## Record extracts

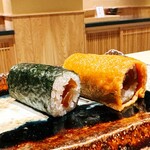 札幌 すし白 - 干瓢巻、稲荷巻き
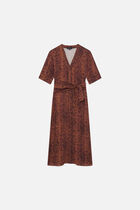 Relisa dress cognac brown woman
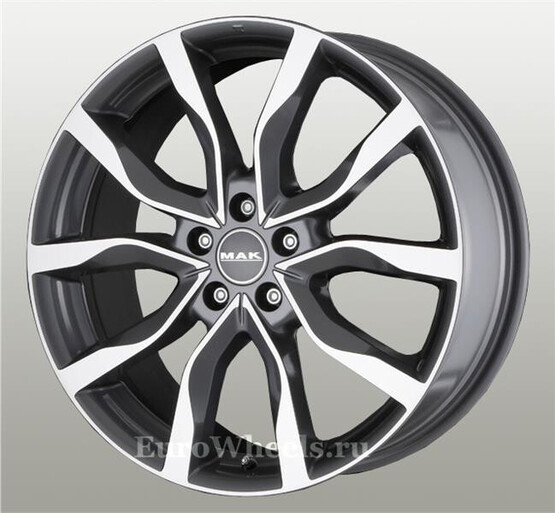 Диск Mak Koln 21x9.50 5x114.30 ET50 DIA76.10 GUN METALLIC-MIRROR FACE Диск Mak Koln 21x9.50 5x114.30 ET50 DIA76.10 GUN METALLIC-MIRROR FACE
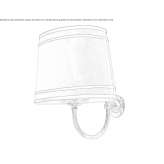 Lampa ścienna z tkaniny Falset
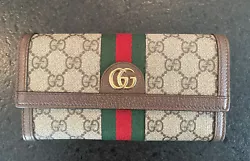 GUCCI Ophidia GG Continental Large Wallet. Feel free to ask for more information if needed. I do my very best to...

## What the task asks
Every record is to be reproduced exactly, with no pictures included.

## Written response
 札幌 すし白 - 干瓢巻、稲荷巻き
 Relisa dress cognac brown woman
 Диск Mak Koln 21x9.50 5x114.30 ET50 DIA76.10 GUN METALLIC-MIRROR FACE Диск Mak Koln 21x9.50 5x114.30 ET50 DIA76.10 GUN METALLIC-MIRROR FACE
 Lampa ścienna z tkaniny Falset
 GUCCI Ophidia GG Continental Large Wallet. Feel free to ask for more information if needed. I do my very best to...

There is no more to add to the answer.